Games like Pump It Up are enjoyable, he says, because they take things that make games addictive — dots, levels and challenges, for example — and merge them with physical movement. This powerful combination motivates people to keep playing…and exercising.
The good news is that we can take these techniques and apply them to our daily fitness routines. Life Kit talks to Patel and Elizabeth Lyonsassociate professor at the University of Texas Medical Branch who studies how gamification can motivate exercise in older women, on how to make exercise as fun as a video game.
1. Have a goal
Photo illustration by Becky Harlan/NPR
When you play a game, there is always a goal. It helps us focus on the task at hand and motivates us to keep playing until we win the game. Exercise should be no different, says Patel. Create a clear fitness goal.
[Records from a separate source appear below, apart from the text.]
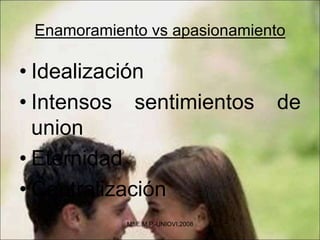 Enamoramiento vs apasionamiento
• Idealización
• Intensos sentimientos de
union
• Eternidad
• Centralización
Mª.E.M.P.-UNIOVI.2008
 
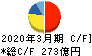 ＡＤＥＫＡ キャッシュフロー計算書 2020年3月期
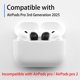 thumbnail image 2 of Puntas de espuma viscoelástica NANLANFAN para AirPods Pro 3 2025, 3 pares, 2 of 6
Try walking 10,000 steps a day, for example, or try running a total of 6 miles each week.
But to see your progress and know if you’ve reached your goal, it’s helpful to track your physical activity, says Patel. This includes steps, heart rate, and distance traveled, among other data. And there are many digital tools that can help with this: wearable technology like the Fitbit or the apple watchor smartphone apps that may come free with your device (such as Health app on iPhone) or downloadable for free as GoogleFit Where Strava.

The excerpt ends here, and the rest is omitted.